# A few of my Chinchilla's



## Angelmouse (Oct 3, 2008)

I got these a few weeks ago from Dom & Fae, I went with 2 sick mice to go to Mousey heaven and came back home with 2 Beautiful chin does much to my husbands disgust :lol: (this happened to be Christmas eve). You see I'm supposed to be cutting back, but thats on bucks not does  anyway he is fine with it now and anyway he was the one who said he wanted some chins in the first place because they are so pretty, so he did get what he wanted, didnt he :lol:


----------



## sasandcol (Dec 12, 2008)

awww, they so cute.

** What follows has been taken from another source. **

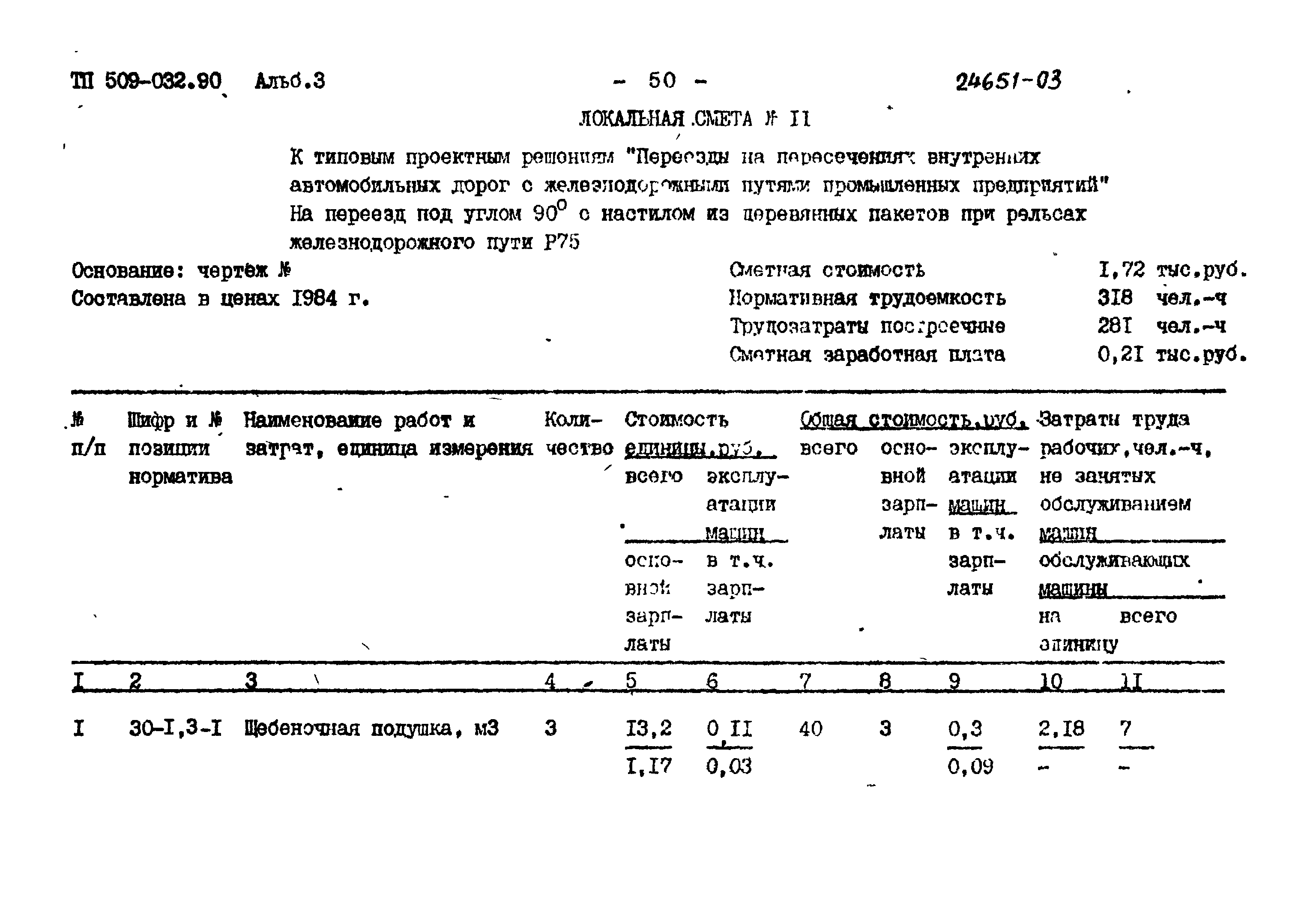 Типовые проектные решения 509-032.90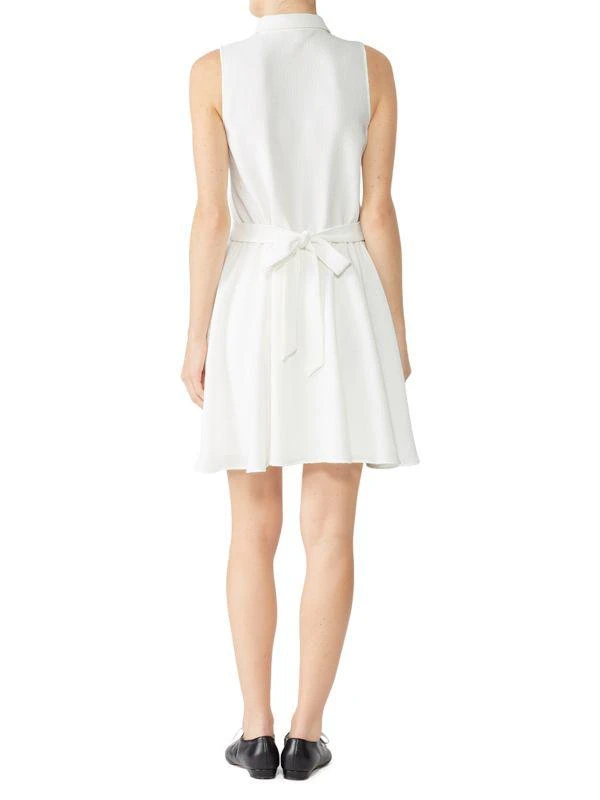 Black Halo Malena Pebble Crepe A Line Dress 2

I loved them when i went to dom and Faes but couldn't have all the mice i loved or would've come back with around 20 :-s


----------



## Angelmouse (Oct 3, 2008)

:lol: :lol: Yep you have to stop somewhere, it soooo annoying :roll:


----------



## sasandcol (Dec 12, 2008)

tell me about it. wish i had space and money for more :mrgreen:


----------



## Miss-Freak-Of-Nature (Oct 6, 2008)

Such lovely Chins :shock:

Oh how I would love a chin mouse, there just no breeders of them around me


----------



## dangermouse (Oct 4, 2008)

very pretty mice..........


----------